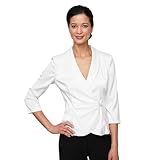 Alex Evenings Women's 3/4 Sleeve Surplice Neckline Stretch Blouse with Embellished Side Closure, Pearl Shimmer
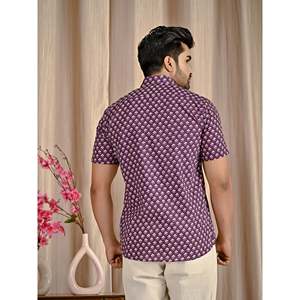 Chemise à manches courtes en coton 100% imprimé floral violet, tissu popeline respirant, robe décontractée, offre ODM - Product Image 6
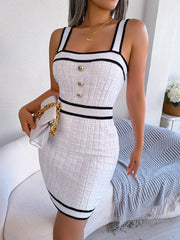 Casual Color Block Button Bodycon Knitwear Dress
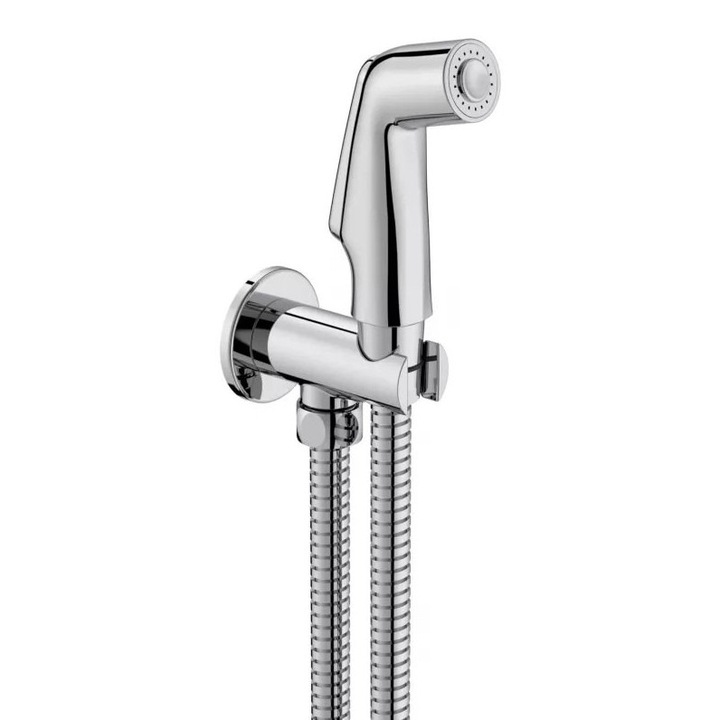 Set dus igienic Roca BE Fresh A5B9230C00, racord 1/2, 1 functie, fara mixare, Crom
────────
* **Exercise**:
Write out the data word for word. Any picture is to be skipped.

* **Result of the exercise**:
 Alex Evenings Women's 3/4 Sleeve Surplice Neckline Stretch Blouse with Embellished Side Closure, Pearl Shimmer
 Chemise à manches courtes en coton 100% imprimé floral violet, tissu popeline respirant, robe décontractée, offre ODM - Product Image 6
 Casual Color Block Button Bodycon Knitwear Dress
 Set dus igienic Roca BE Fresh A5B9230C00, racord 1/2, 1 functie, fara mixare, Crom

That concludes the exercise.